**Task requirements**
Exactly as they appear, transcribe the entries and skip any pictures.

== Segment start ==

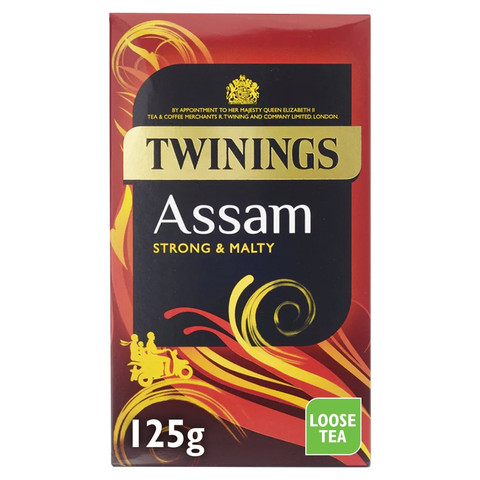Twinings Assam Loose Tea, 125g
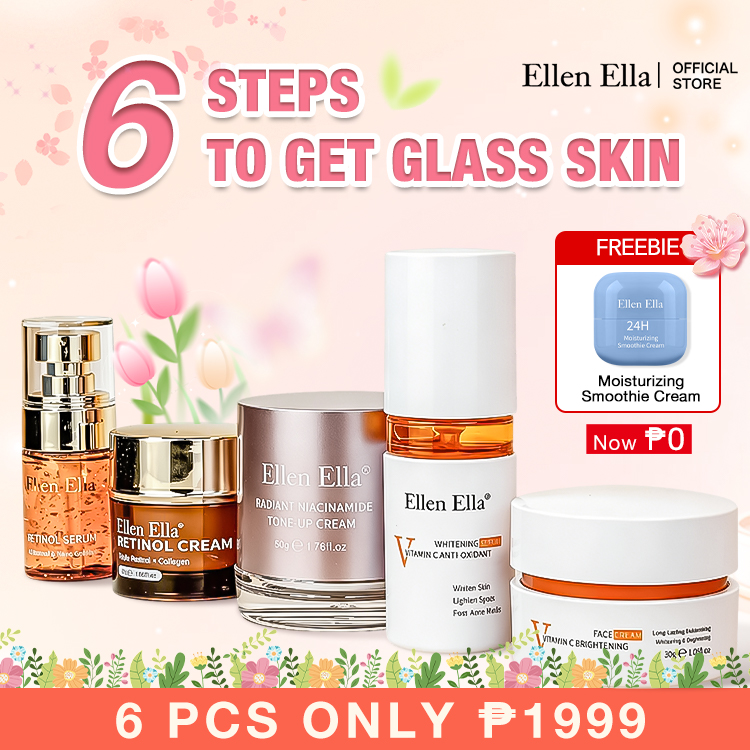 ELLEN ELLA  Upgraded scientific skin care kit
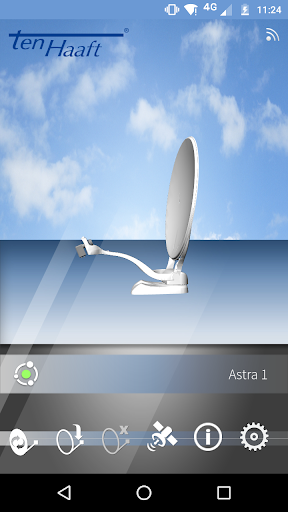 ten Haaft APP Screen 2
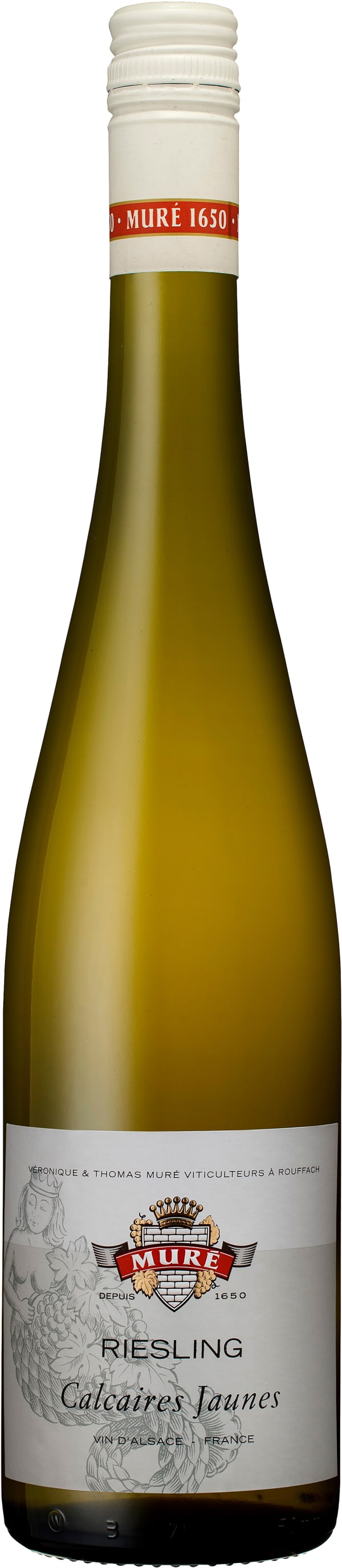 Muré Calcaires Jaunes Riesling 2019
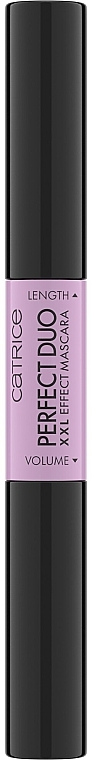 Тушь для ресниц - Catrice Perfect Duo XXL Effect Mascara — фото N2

== Segment end ==

**Response to this task**
Twinings Assam Loose Tea, 125g
 ELLEN ELLA  Upgraded scientific skin care kit
 ten Haaft APP Screen 2
 Muré Calcaires Jaunes Riesling 2019
 Тушь для ресниц - Catrice Perfect Duo XXL Effect Mascara — фото N2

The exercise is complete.